L'ŒIL TACTILE
(...) La peinture actuelle de Cartier s'inscrit dans la poursuite d'une peinture figurative qu'il ne peut ni ne veut renier. Elle en reprend l'esprit, soit la tentative d'exprimer, si ce n'est une vérité intérieure, du moins une connaissance inexprimable par les mots, ou peut-être simplement le pressentiment de cette connaissance.
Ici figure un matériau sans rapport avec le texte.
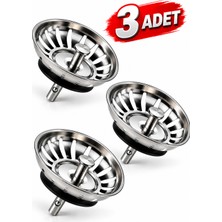 Cina Max 3 Adet Çöpmak 8 cm Paslanmaz Çelik Mutfak Lavabo Evye Gider Süzgeci Sifon Tıpa Metal Süzgeç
Le motif n'est pas gratuit, et les cercles concentriques ou la spirale pèsent de toute leur histoire symbolique, mais ce qui compte le plus actuellement, y compris dans la série de "la cérémonie des langues", c'est le geste de la recopie, laquelle implique en quelque sorte, la création d'un tableau réfléchi après celle d'un tableau surgi. Et l'avènement, après un tableau né de l'impulsion puis vu, d'un second tableau, né de la vision puis senti au doigt, à la main. Affaire de toucher qui explique l'intérêt de Cartier pour Alois Riegl et sa théorie d'une histoire de l'art se déroulant de façon dialectique de l'haptique (tactile) à l'optique, de l'objectif au subjectif.
Dans le procès de la représentation, avec les remous que l'on connaît dans la peinture contemporaine, Cartier prend le parti d'une vision qui n'est pas seulement extérieure, mais qui, par le toucher de l'Œil et le miroir de la main, rend à la peinture sa volonté de résolution du visible.